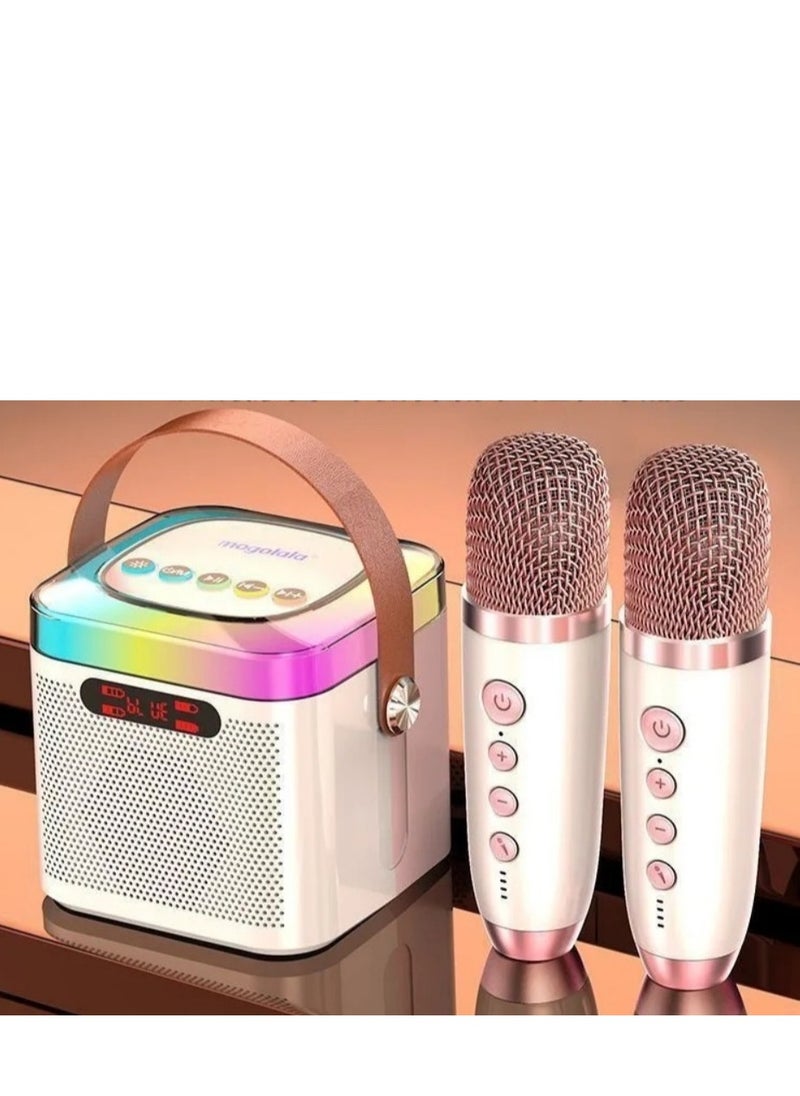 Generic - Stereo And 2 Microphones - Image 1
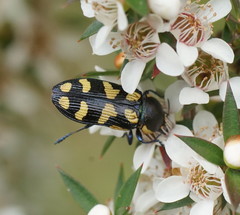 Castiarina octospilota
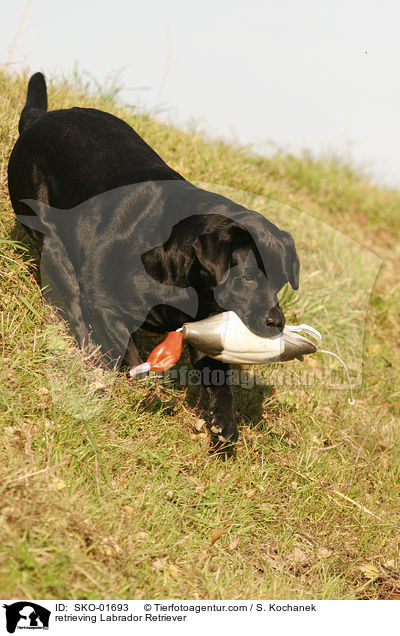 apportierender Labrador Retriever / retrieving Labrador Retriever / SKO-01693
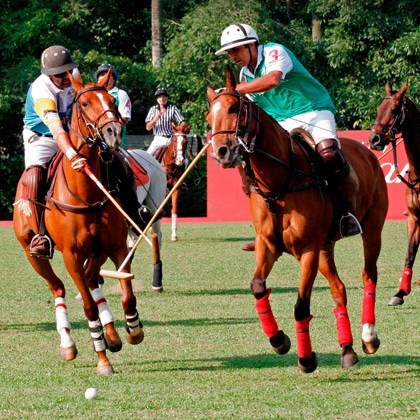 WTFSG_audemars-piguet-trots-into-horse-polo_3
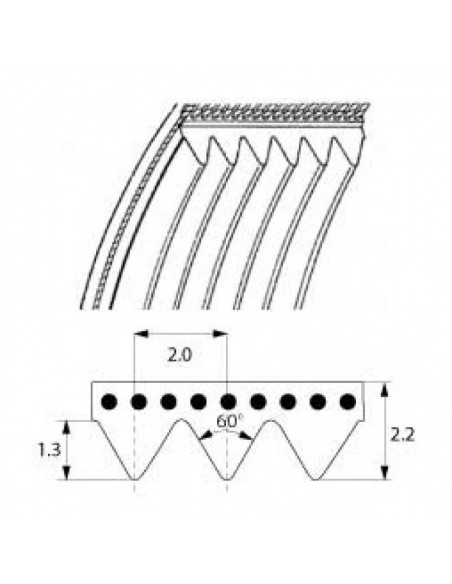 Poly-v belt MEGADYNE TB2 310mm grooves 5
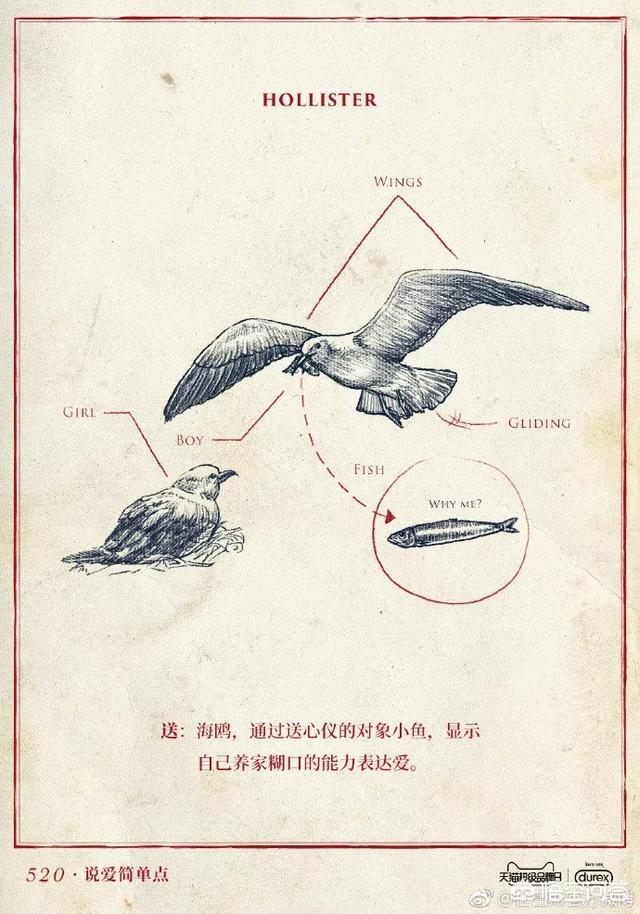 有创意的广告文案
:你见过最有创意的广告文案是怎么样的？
--
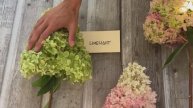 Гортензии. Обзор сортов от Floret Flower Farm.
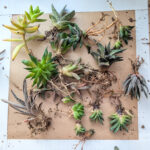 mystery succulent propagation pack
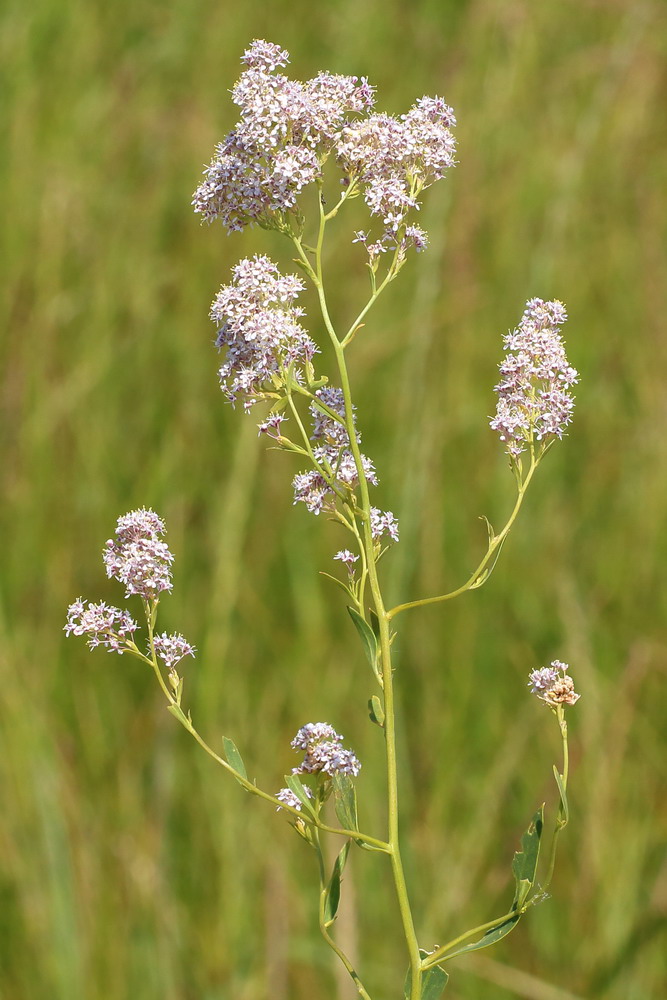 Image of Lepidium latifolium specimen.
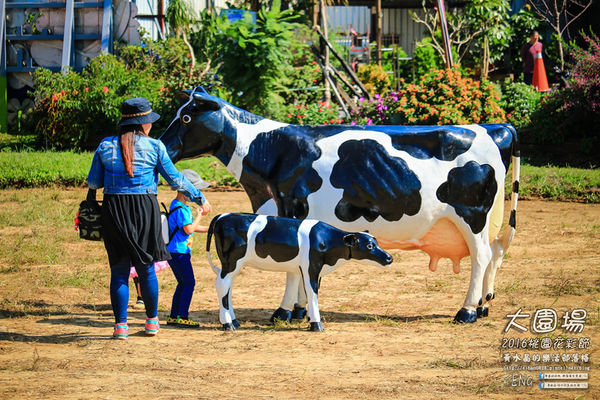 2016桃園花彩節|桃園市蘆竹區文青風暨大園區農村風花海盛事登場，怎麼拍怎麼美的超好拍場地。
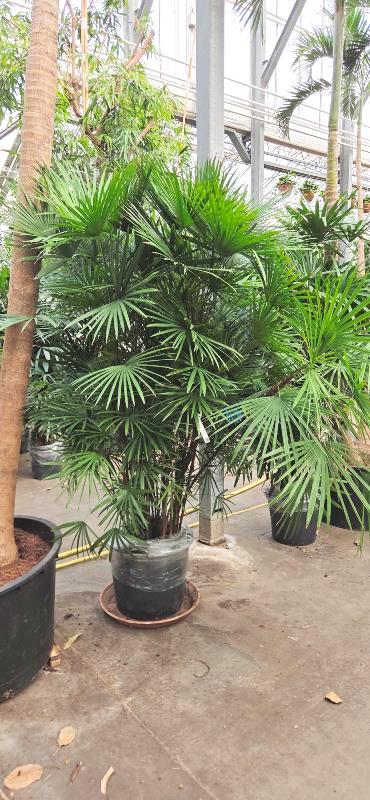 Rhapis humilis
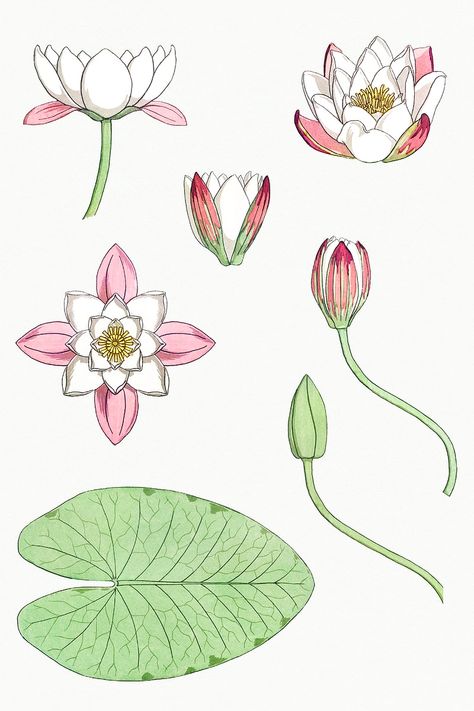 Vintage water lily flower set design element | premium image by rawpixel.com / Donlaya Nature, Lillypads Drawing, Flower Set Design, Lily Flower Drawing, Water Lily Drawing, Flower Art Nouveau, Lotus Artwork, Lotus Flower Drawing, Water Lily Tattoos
--
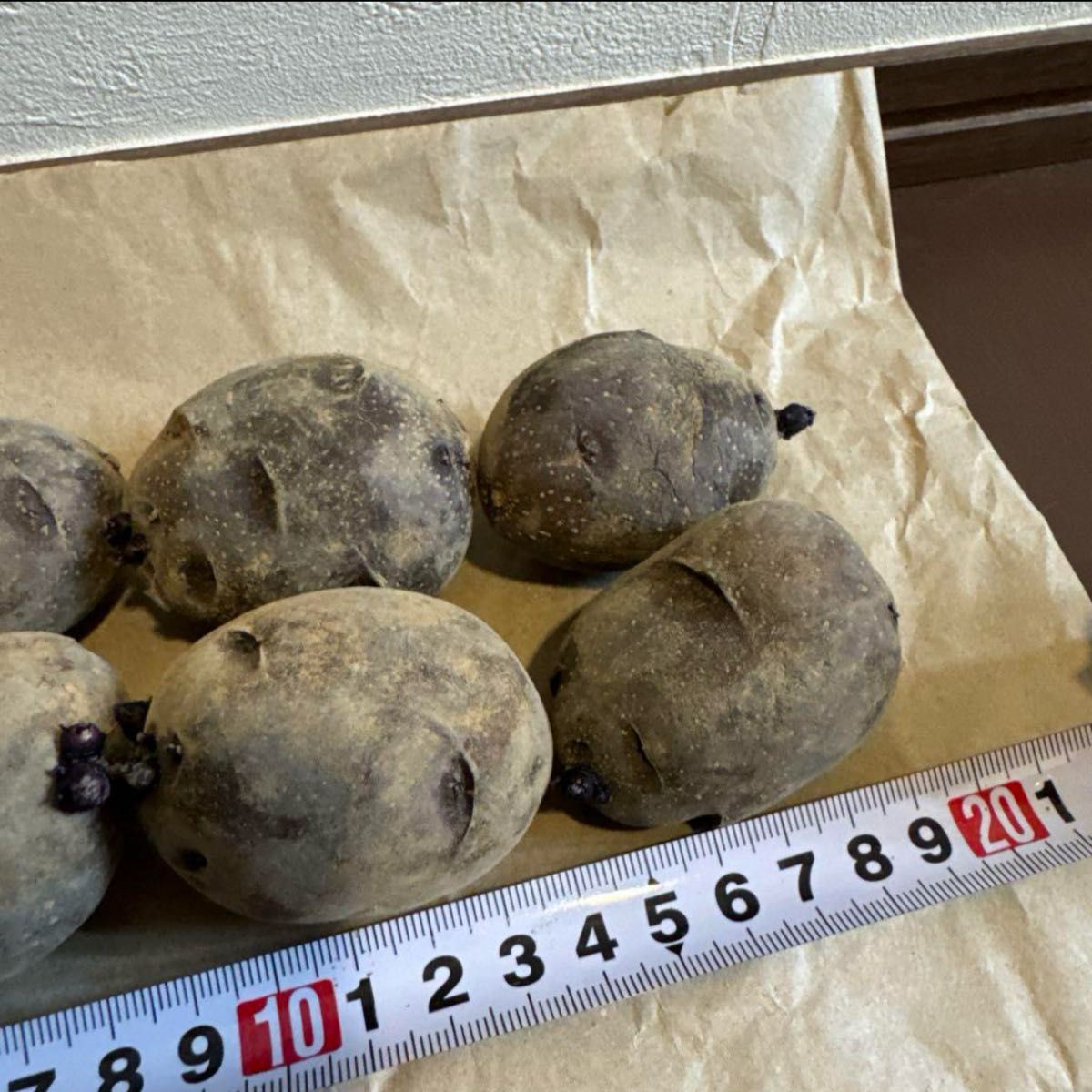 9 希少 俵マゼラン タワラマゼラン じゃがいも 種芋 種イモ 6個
--
Activity:
Look above for the line with "mystery succulent propagation pack" and the line with "Vintage water lily", then copy exactly the lines from the first through the second, both kept, with no pictures.

Exercise answer:
 mystery succulent propagation pack
 Image of Lepidium latifolium specimen.
 2016桃園花彩節|桃園市蘆竹區文青風暨大園區農村風花海盛事登場，怎麼拍怎麼美的超好拍場地。
 Rhapis humilis
 Vintage water lily flower set design element | premium image by rawpixel.com / Donlaya Nature, Lillypads Drawing, Flower Set Design, Lily Flower Drawing, Water Lily Drawing, Flower Art Nouveau, Lotus Artwork, Lotus Flower Drawing, Water Lily Tattoos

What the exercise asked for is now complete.